• [What the task requires]: Return all the data below as it stands, minus the pictures.

• [Dataset records]:
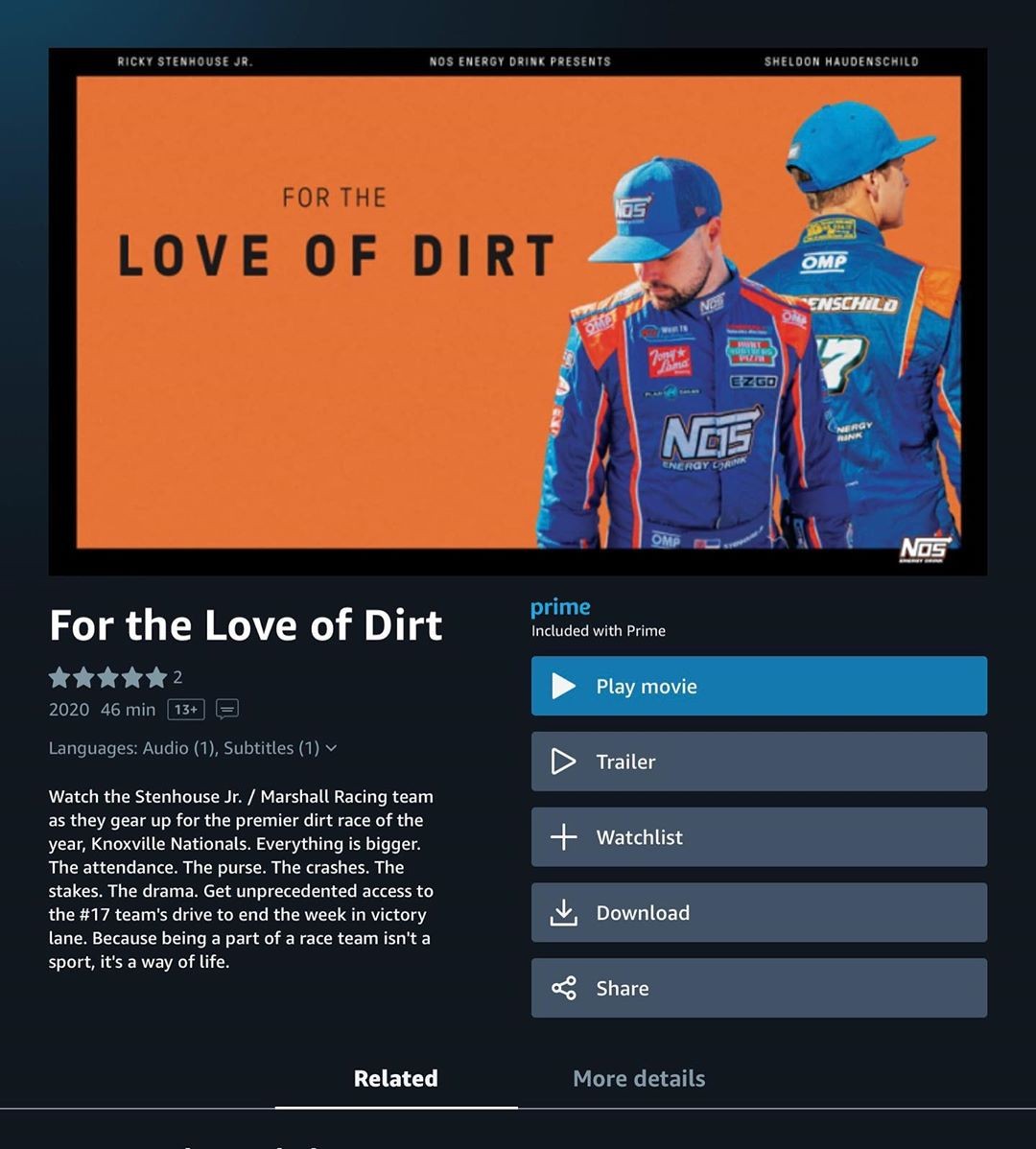 Looking for some action? For the Love of Dirt Documentary now available on Amazon Prime Video. @NosEnergyDrink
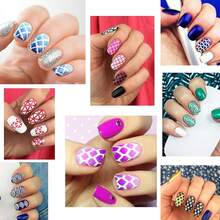 60 Pieces Nail Vinyls Stencil Sticker Set, 5 Sheets 60 Different Designs Cute Simple Nail Art Nail Vinyls Nail Stencil Sheets - Ombre - View 3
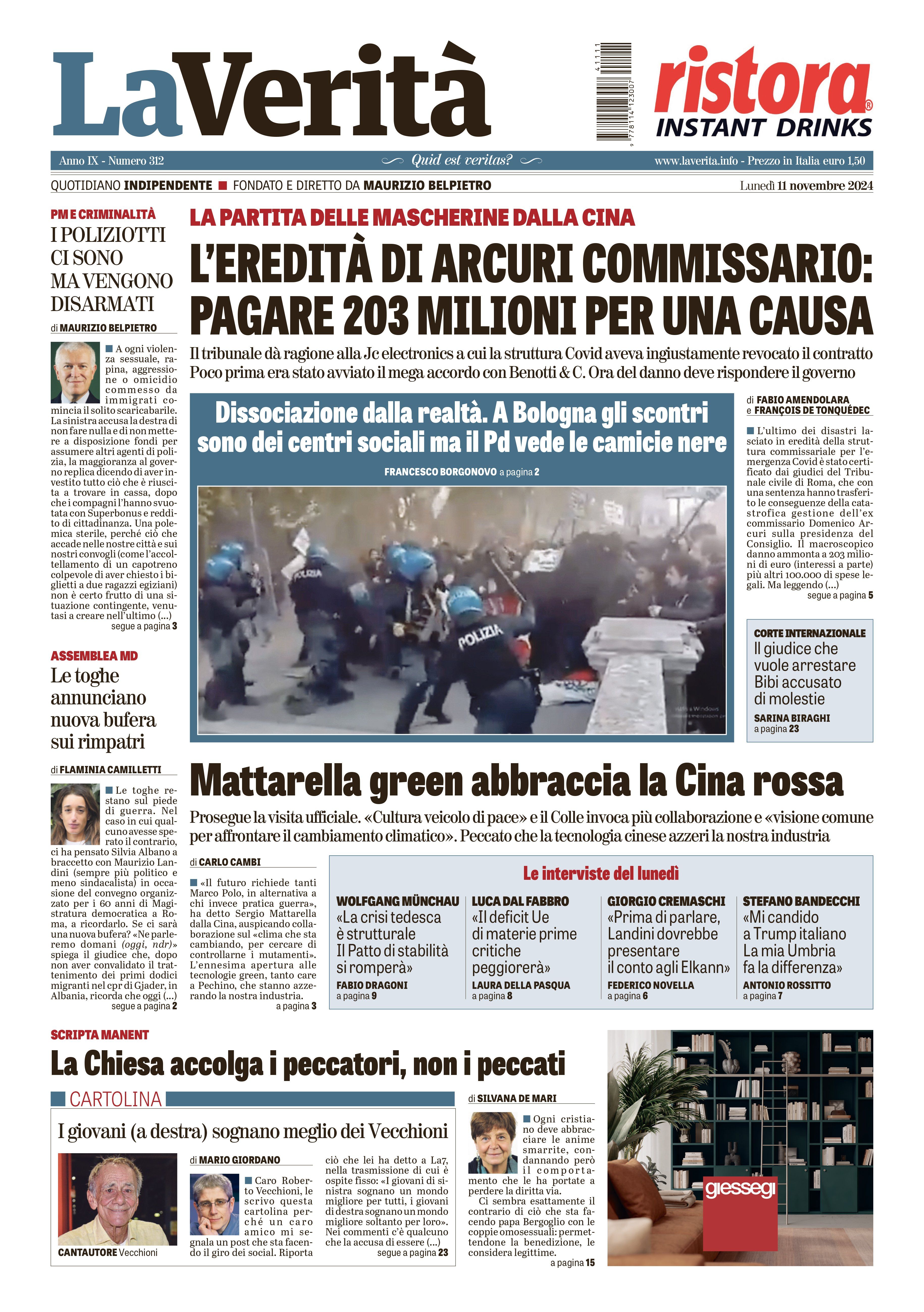 Oggi in edicola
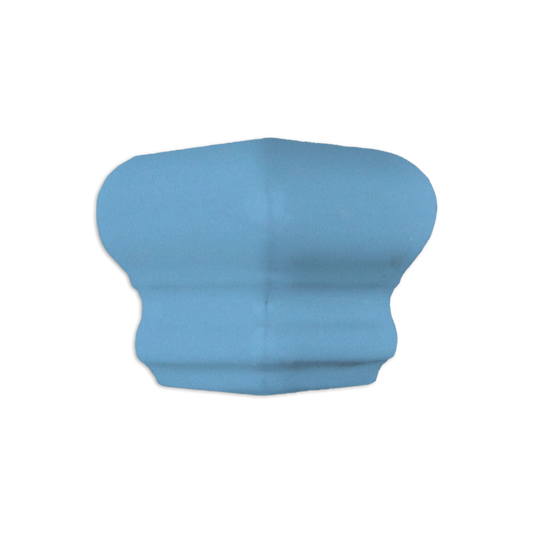 Chair Rail Corner Trim Baby Blue Gloss 2"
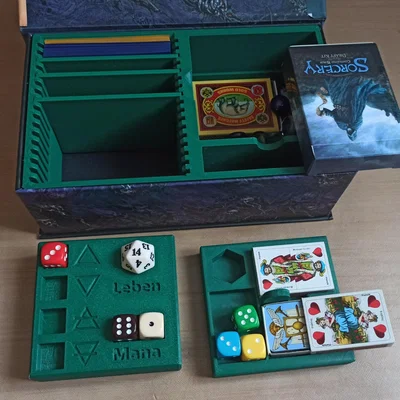 Khay đựng thẻ bài Sorcery TCG: Gothic Box Insert 3D cực gọn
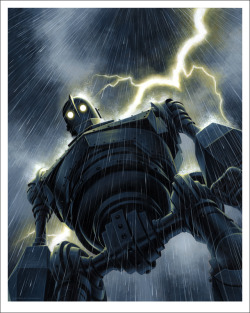 brudesworld:  Three new Mondo prints of The Iron Giant by Jason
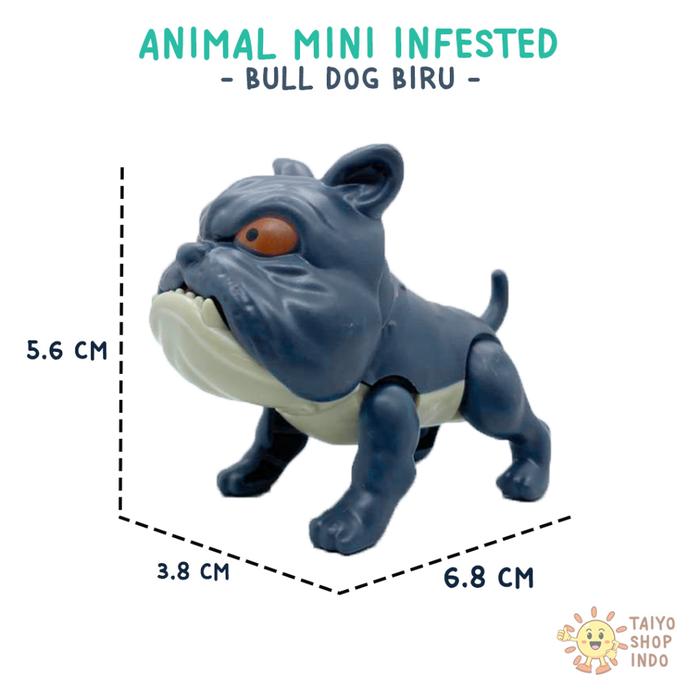 Gambar Taiyo Mainan Anak Mini Animal Infested Figure Hewan Gigit Jari Koleksi - Bulldog Biru dari Taiyo Shop undefined Tokopedia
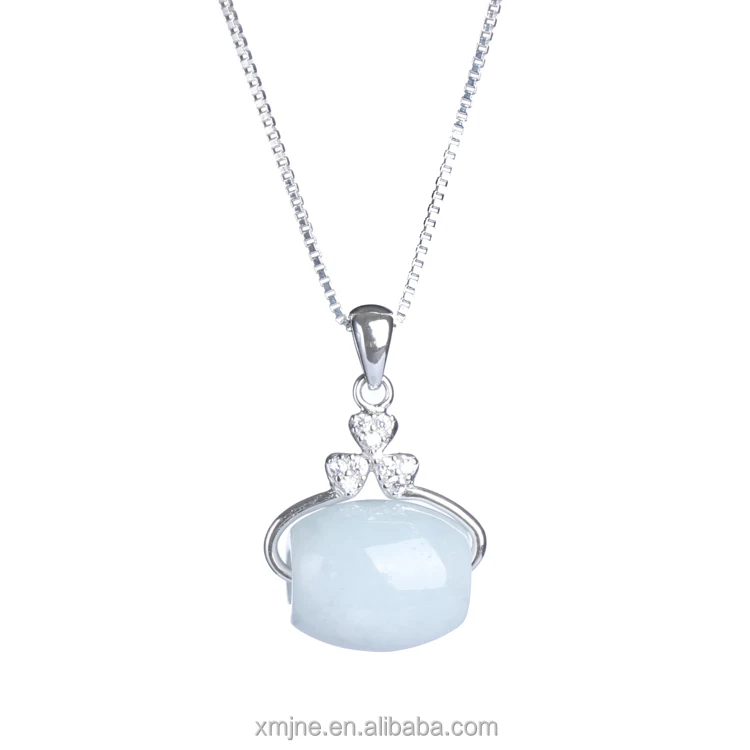 

S925 Silver Inlaid Beads Natural Jade Pendant Jade Pendant Pendant Necklace Women Wholesale
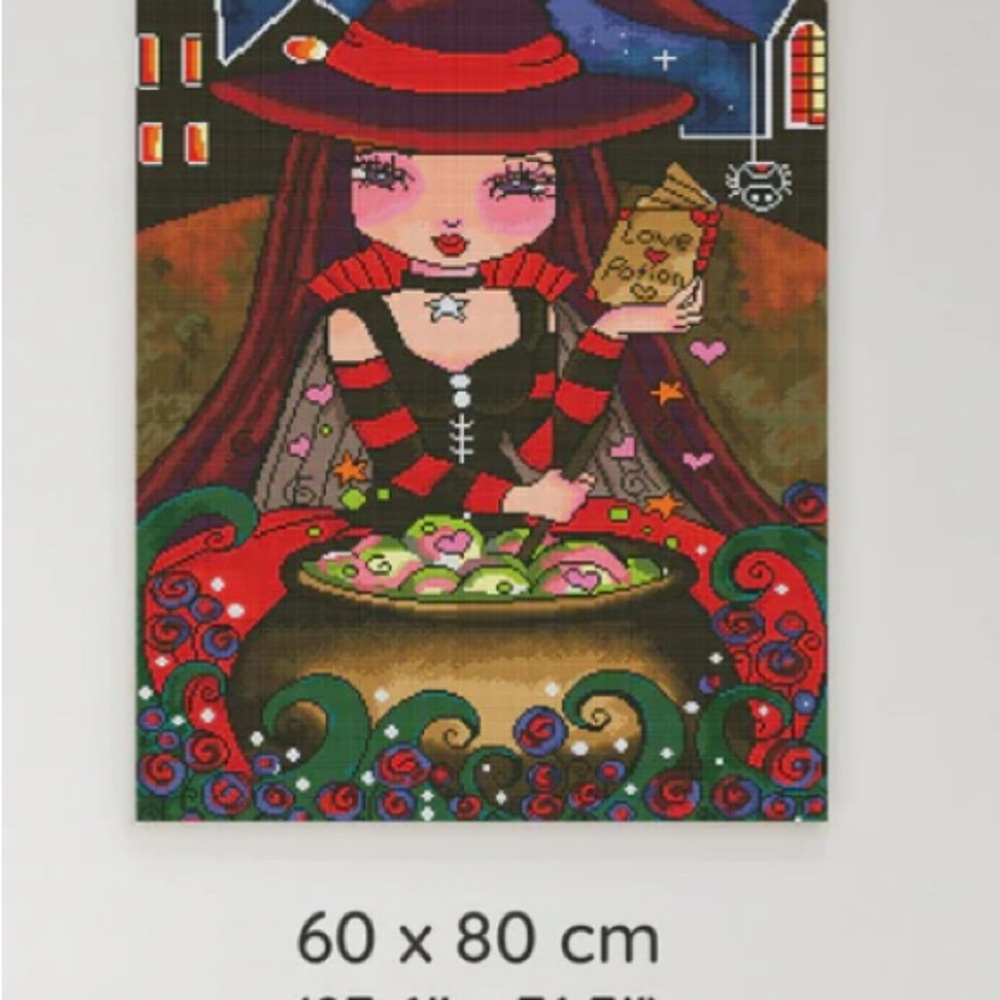 Witchy Love Potion diamond art canvas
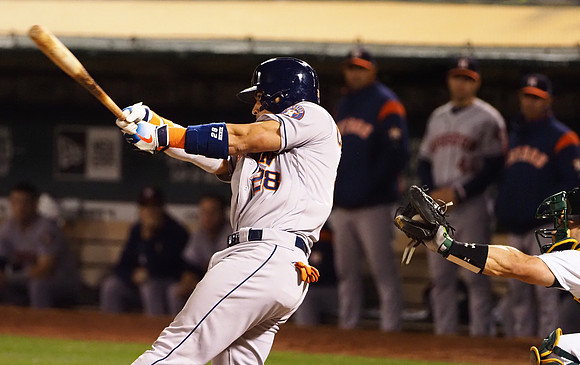 MLB: Houston Astros at Oakland Athletics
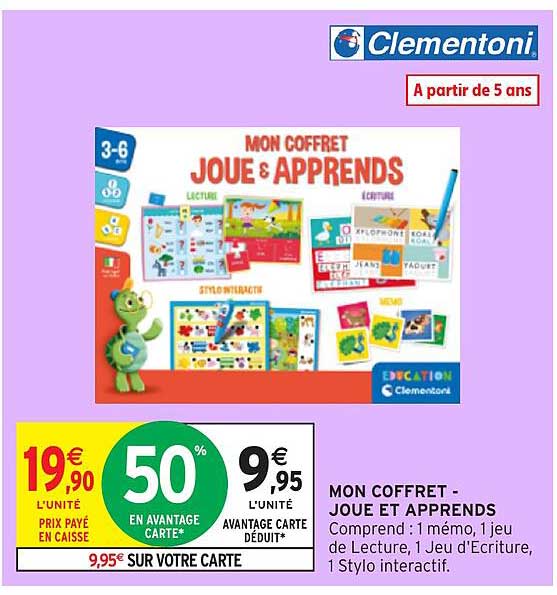 MON COFFRET - Joue et Apprends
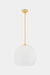 Hudson Valley 3019 Scranton 1-lt 19" LED Pendant - Aged Brass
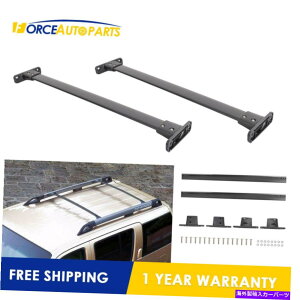 �N���X�o�[ 05-12�̂��߂̃��[�t���b�N�N���X�o�[�u���b�N�J�[�S�g�����W�b�g4.0L�̃y�A Roof Rack Cross Bar For 05-12 Nissan Pathfinder Pair Black cargo transit 4.0L�y���s�A���i�z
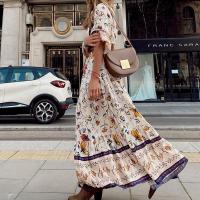 Vestido estampado de moda de verano para mujer - details 4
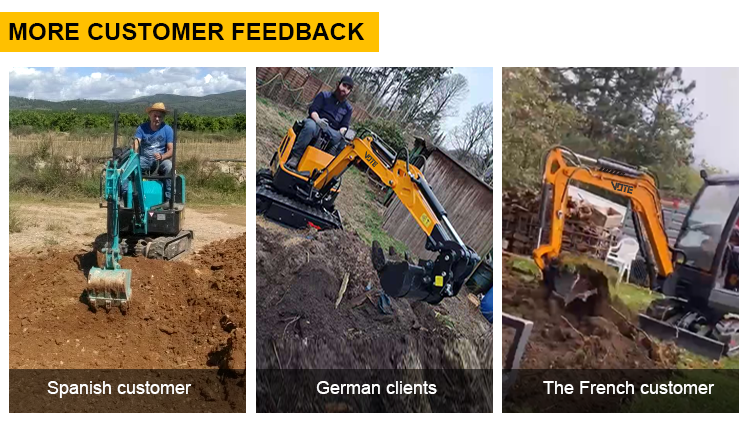 Free Shipping!!! 1000kg Hydraulic Mini Excavator With Competitive Prices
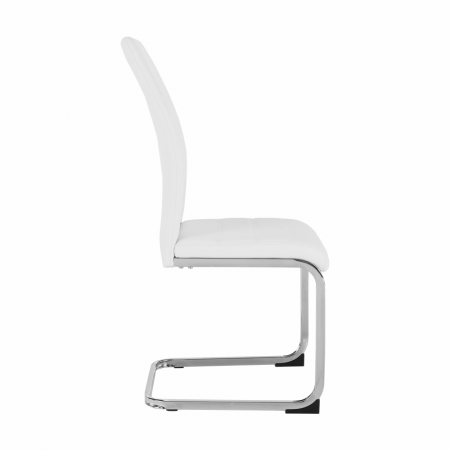 Scaun dining, alb / crom, VATENA [14]
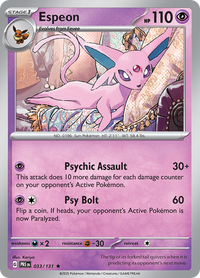 Espeon 033/131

• [Result for this task]:
 Looking for some action? For the Love of Dirt Documentary now available on Amazon Prime Video. @NosEnergyDrink
 60 Pieces Nail Vinyls Stencil Sticker Set, 5 Sheets 60 Different Designs Cute Simple Nail Art Nail Vinyls Nail Stencil Sheets - Ombre - View 3
 Oggi in edicola
 Chair Rail Corner Trim Baby Blue Gloss 2"
 Khay đựng thẻ bài Sorcery TCG: Gothic Box Insert 3D cực gọn
 brudesworld:  Three new Mondo prints of The Iron Giant by Jason
 Gambar Taiyo Mainan Anak Mini Animal Infested Figure Hewan Gigit Jari Koleksi - Bulldog Biru dari Taiyo Shop undefined Tokopedia

S925 Silver Inlaid Beads Natural Jade Pendant Jade Pendant Pendant Necklace Women Wholesale
 Witchy Love Potion diamond art canvas
 MLB: Houston Astros at Oakland Athletics
 MON COFFRET - Joue et Apprends
 Hudson Valley 3019 Scranton 1-lt 19" LED Pendant - Aged Brass
 �N���X�o�[ 05-12�̂��߂̃��[�t���b�N�N���X�o�[�u���b�N�J�[�S�g�����W�b�g4.0L�̃y�A Roof Rack Cross Bar For 05-12 Nissan Pathfinder Pair Black cargo transit 4.0L�y���s�A���i�z
 Vestido estampado de moda de verano para mujer - details 4
 Free Shipping!!! 1000kg Hydraulic Mini Excavator With Competitive Prices
 Scaun dining, alb / crom, VATENA [14]
 Espeon 033/131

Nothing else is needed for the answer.